If you want to have a multi-turn interactive conversation, you’ll need to append each round of dialogue and feed it into the next round.

messages = []
for i in range(3):
msg = input('human: ')
messages.append({"role": "user", "content": msg})
response = openai.ChatCompletion.create(
model="gpt-3.5-turbo",
max_tokens=128,
temperature=0.9,
messages=messages
)
ai_response = response.choices[0].message.content.replace('\n', '')
messages.append({"role":"assistant","content": ai_response})
print(f'ai: {ai_response}')
print('\n')

The capable model can be found at https://platform.openai.com/docs/models/overview.

Note that for each round, we append all of the preview’s conversation history into the messages list and it’ll lead number of tokens growing linearly. So make sure that you only retain the lasted k rounds of conversation history in the messages list. (or it will exceed the token limit and also charge more money😅)

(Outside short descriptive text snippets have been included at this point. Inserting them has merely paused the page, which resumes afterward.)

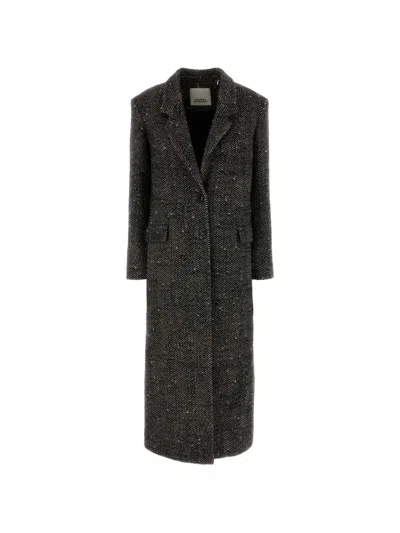 Isabel Marant Herringbone-pattern Ealine Coat In Multi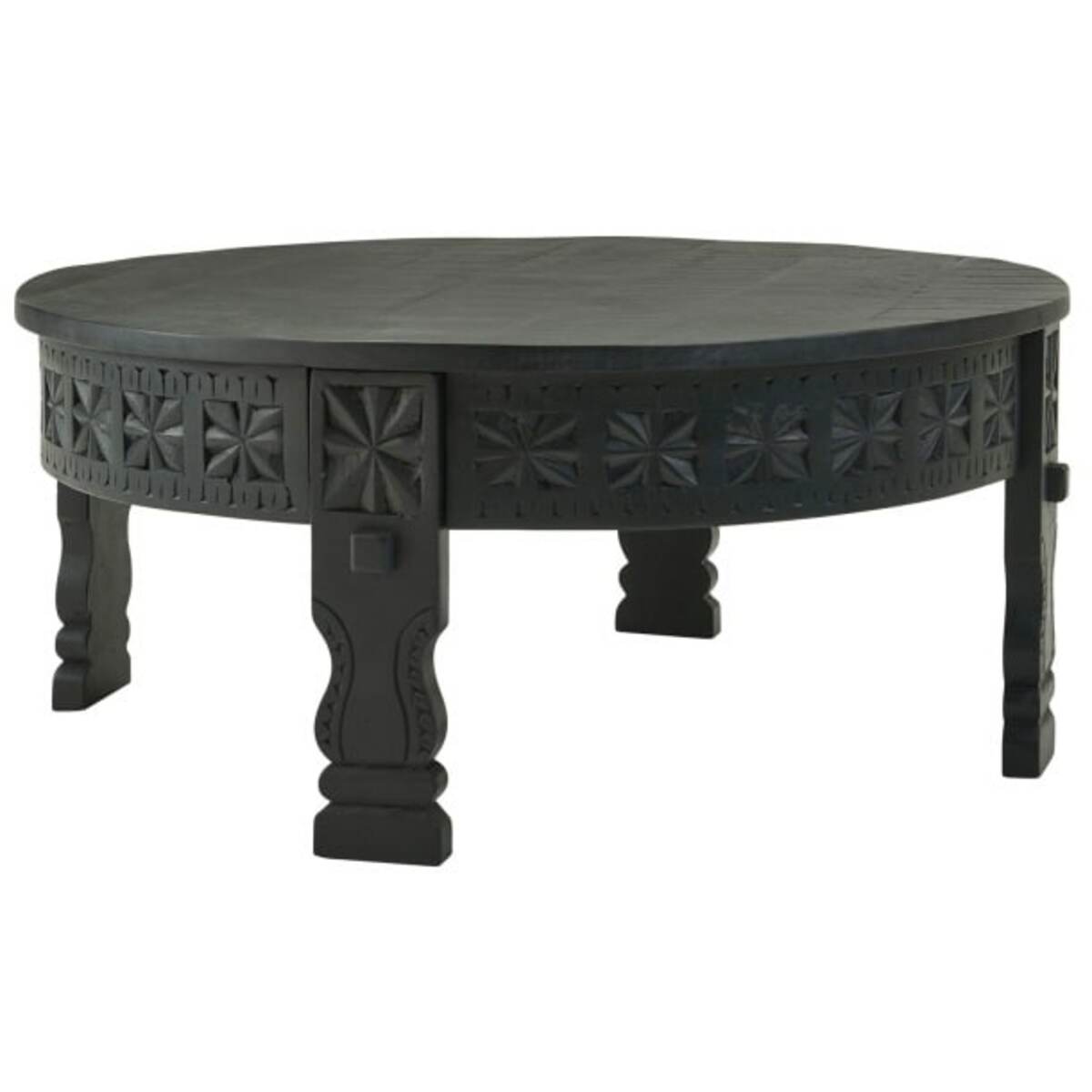 Bild 1 von Couchtisch rund 80 cm Mango massiv Schwarz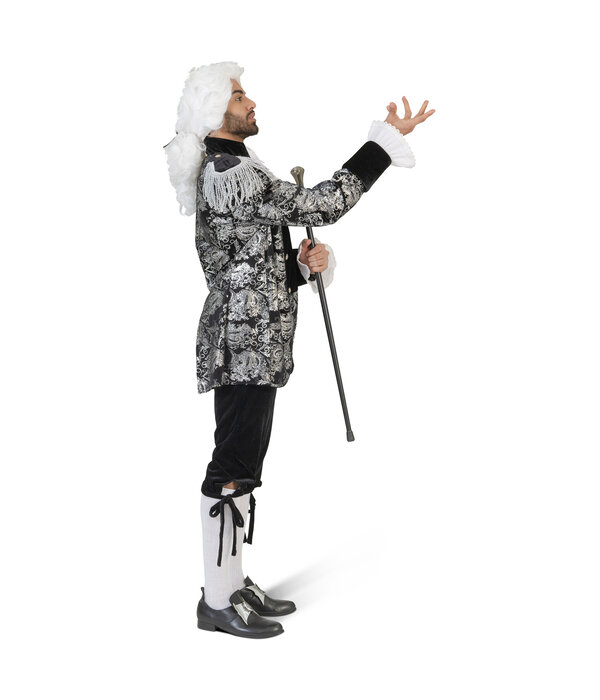 Zilver Zwarte Barok Kostuum Premium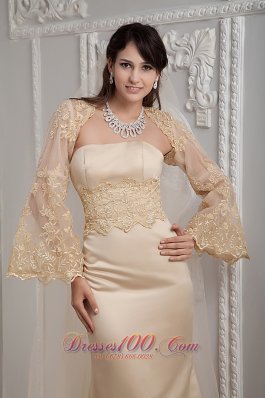 Retro Champagne Lace Dress for Golden Wedding Column Gingle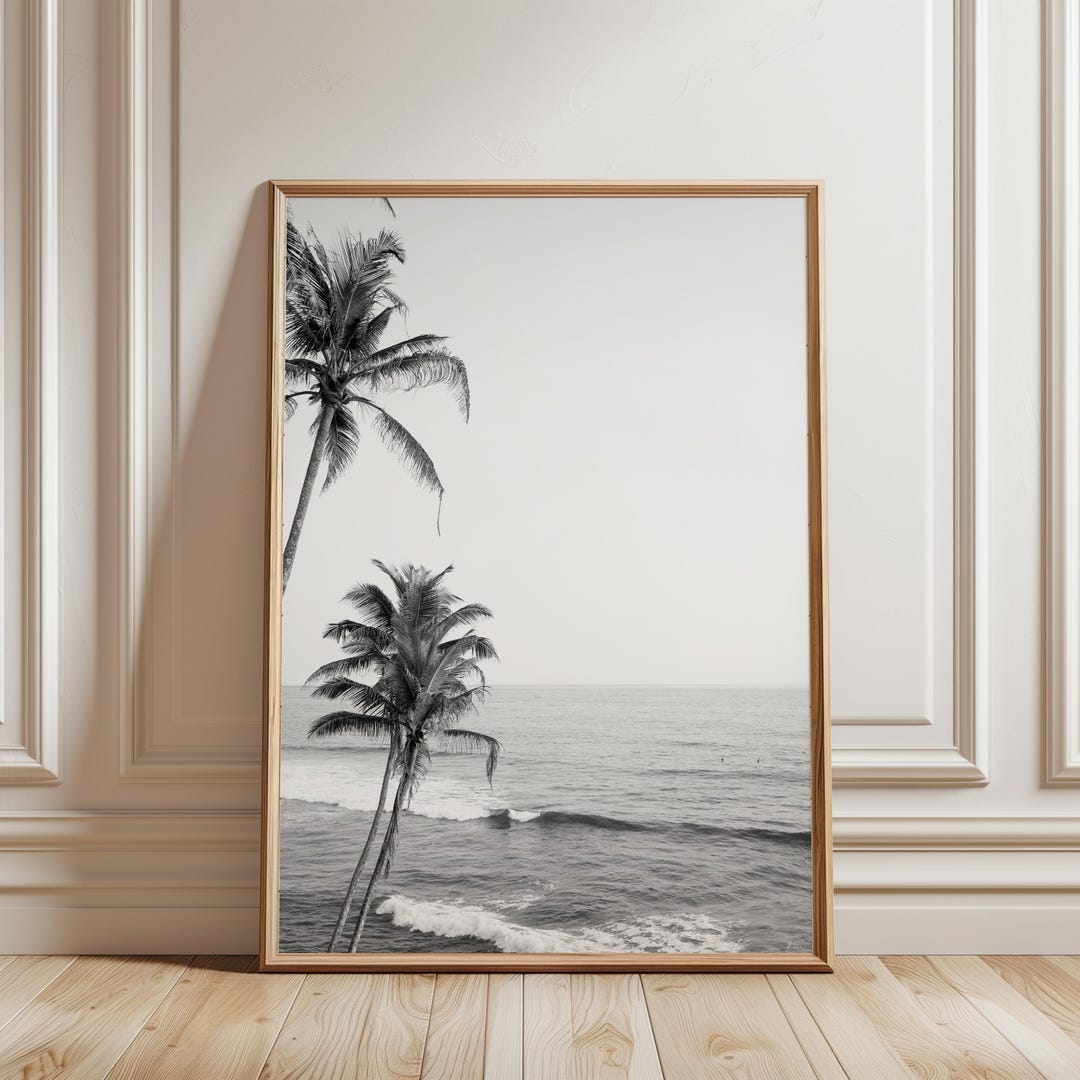 Black and White Palm Tree Print | Coastal Beach Photography ...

Later on, we’ll use Langchain’s memory mechanism to make multi-round conversation easier to implement.

Completions

completion provides the completion for a single prompt and takes a single string as an input.

Imagine that, your boss asks you to build a sentence classification model to know if the restaurant’s reviews from customs are positive or negative.

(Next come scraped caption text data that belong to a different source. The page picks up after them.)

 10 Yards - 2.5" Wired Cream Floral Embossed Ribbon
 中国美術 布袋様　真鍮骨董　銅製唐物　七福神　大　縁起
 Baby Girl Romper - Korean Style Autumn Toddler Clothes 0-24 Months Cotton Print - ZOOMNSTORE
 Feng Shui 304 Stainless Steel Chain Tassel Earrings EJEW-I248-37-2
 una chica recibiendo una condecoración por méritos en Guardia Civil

Basically, you have to collect an amount of review data and label it positive or negative so that you can train a binary classification model no matter using LSTM or fine-tuning BERT.

With LLM’s completions, you don’t have to label lots of data. You even don’t need to collect training data. You only have to give a few examples to LLM and ask it to classify the given sentence!

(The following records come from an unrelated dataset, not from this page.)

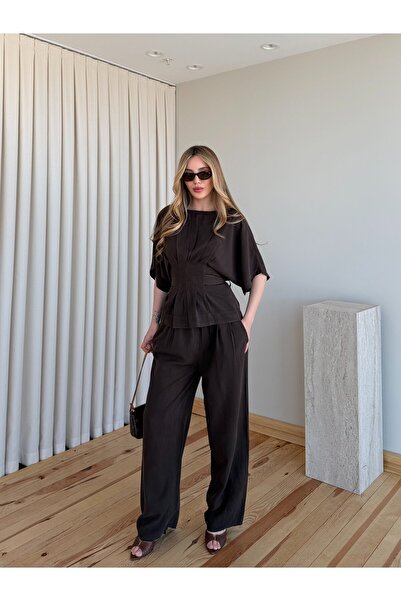Laluvia Bitter Brown Bat Sleeve Waist-Fitted Blouse Loose Trousers Set - 650008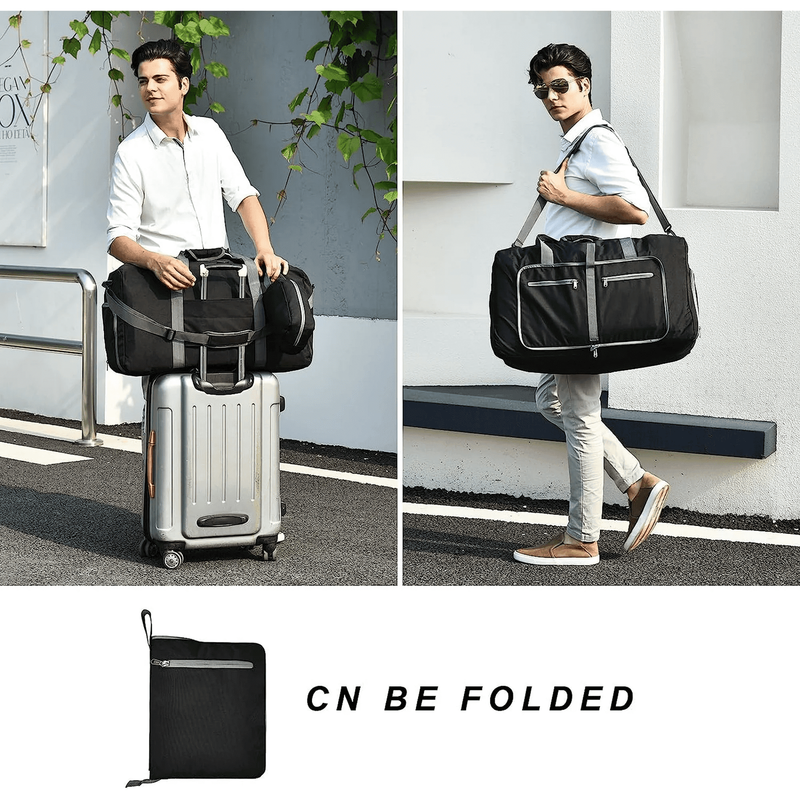 28" Travel Duffle Bag for Men, 80L Foldable Travel Duffel Bag with Shoes Compart6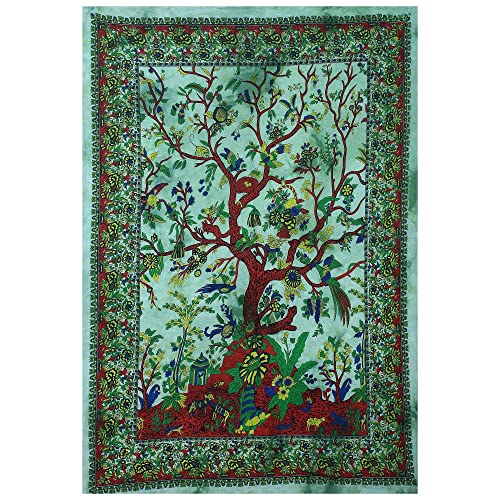 Popular Handicrafts Tapestry Wall Hanging Hippie Bohemian Tree of Life Hippy Psychedelic Design Indian Tapestries Bedspread 53 x 78 inches (140cm x 215cm) Green - color: Green #1, size: 78"L x 53"W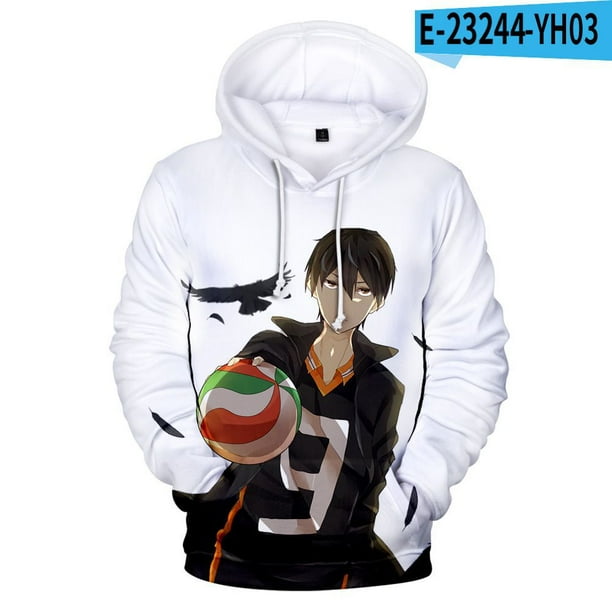 Haikyu!! Sudaderas con capucha de Anime, chaqueta informal para niños y adultos, tallas para niños, kageyama tobio, jersey de Cosplay, Jersey Unisex104XL Deng Xun unisex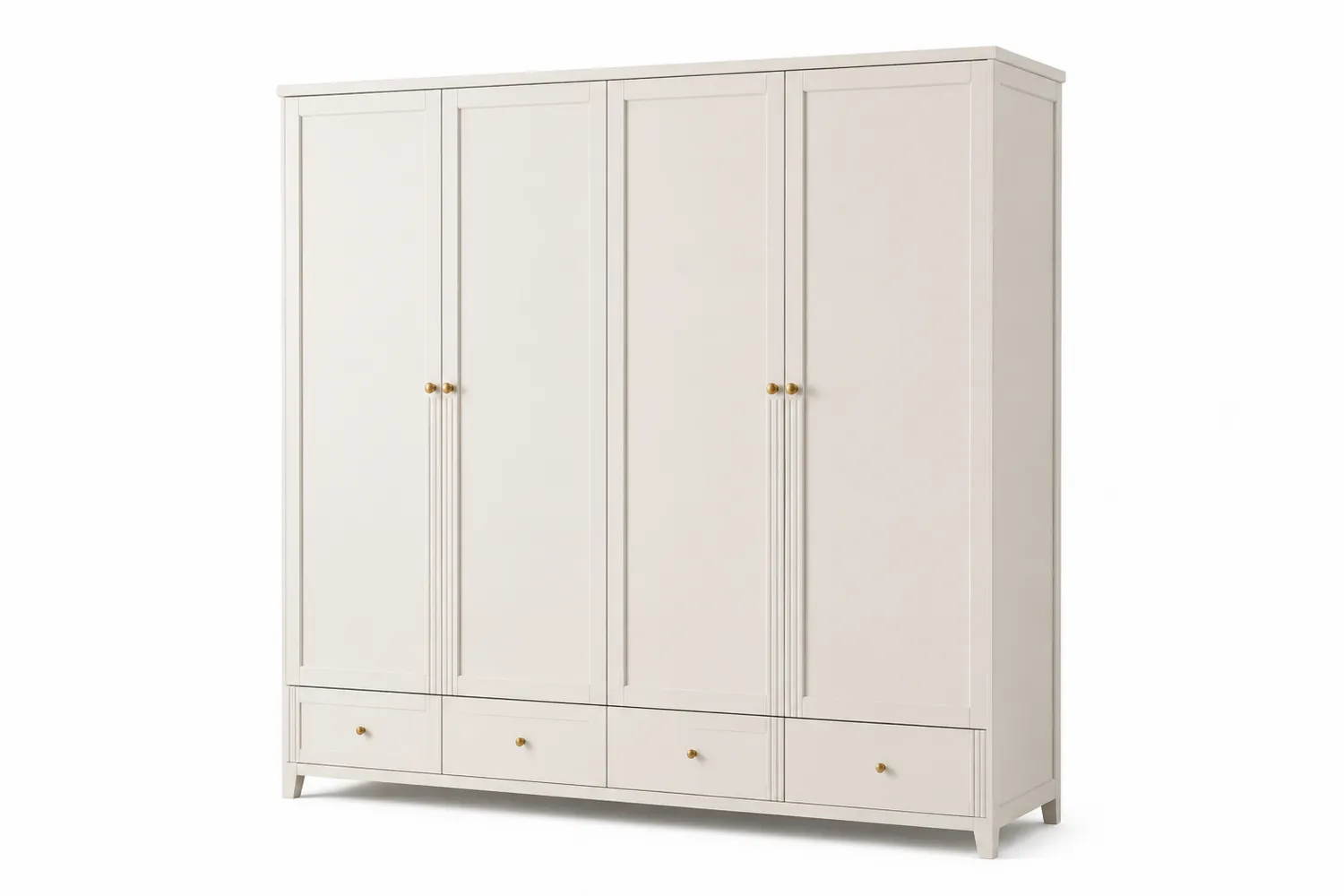 Kleiderschrank aus Holz mit Schubladen in Weiß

First, we input a few examples as prompt and the API will return a text completion that attempts to match whatever instructions or context you gave it.

def generate_prompt(sentence):
return """You have to determine whether the given restaurant review is positive or negative..
content: I had an amazing dining experience at this restaurant.
Answer: positive
Content: The ambiance of this restaurant is wonderful, and the food is consistently flavorful.
Answer: positive
Content: The service was a bit slow, and it took a while for our orders to arrive.
Answer: negative
content: I had a terrible experience at this restaurant. The food was cold when it arrived at our table.
Answer: negative
Content: {}
Answer:
""".format(
sentence.capitalize()
)

Here, I list a few examples as prompt to AI.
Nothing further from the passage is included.